Interview with Adam Watson from Kentucky Educators for Role Playing Games
Adam Watson shares his XP from using and researching TTRPGs for EDU, and on building a wonderful community of play-focused educators in KY! Learn how he’s connected with others who use games for EDU and how TTRPGs have a different impact on students from traditional teaching methods.
The following is a write-in interview conducted between Adam Watson (the interviewee) and Steph Campbell from TTRPGkids (the interviewer). This interview is posted with permission from the interviewee.
What is your backstory?
As both a career and a calling, I’ve been a Kentucky public school educator since 2005. I was first a classroom high school English teacher. Even in those days, I tried to find ways to bring my passions into my learning spaces.
I’ve been a huge Star Wars fan ever since I was four years old and saw Star Wars: A New Hope in 1978, a re-release at a drive-in theater in Las Vegas, where I lived at the time. Many years later, in my last year as a teacher, I got a mini-grant to purchase a class set of Ian Doescher’s William Shakespeare’s Star Wars: Verily, A New Hope.
I created a whole “Star Wars and Shakespeare” unit that culminated in Doescher joining the class for a Skype talk. The Skype reference probably dates the story just a bit! Anyhoo, the whole experience led to my materials getting hosted online by Quirk Books, who publishes Doescher’s William Shakespeare Star Wars series, and it got me a reference in Star Wars Insider magazine. I was pretty pumped to have a connection, even in the smallest way, with my most favorite franchise.
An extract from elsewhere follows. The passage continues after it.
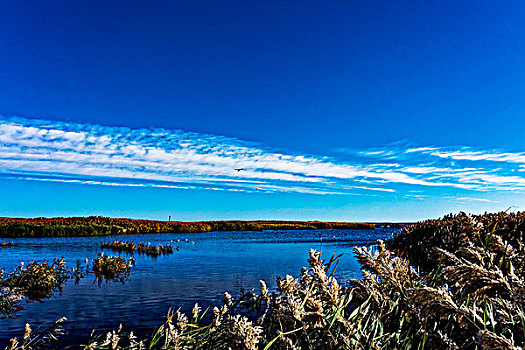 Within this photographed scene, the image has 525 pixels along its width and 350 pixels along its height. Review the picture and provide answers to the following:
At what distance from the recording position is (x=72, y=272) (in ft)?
51.0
After nine years of teaching, I then became a district Digital Learning Coordinator, guiding them in a 1:1 initiative with Chromebooks and a Google Domain, back when both were considered very marginal and uncommon choices.
A few years ago, my next hyperjump was to the Ohio Valley Educational Cooperative, which serves 14 school districts with over 150,000 students. I’m currently OVEC’s Digital Learning Consultant.
How did you start with TTRPGs?
One thing I joke about is that Dungeon & Dragons is my twin sibling. D&D was born in January 1974, and I was born a month later. So we both are celebrating over a half century of existence. Maybe it was always my destiny to play tabletop role-playing games!
As it turned out, when I was around ten in the mid-1980’s, a cousin introduced me to my first TTRPG, which was TSR’s Star Frontiers. Remember, I was already marinated in sci-fi, so Star Frontiers was an easy sell. From there, I couldn’t get enough.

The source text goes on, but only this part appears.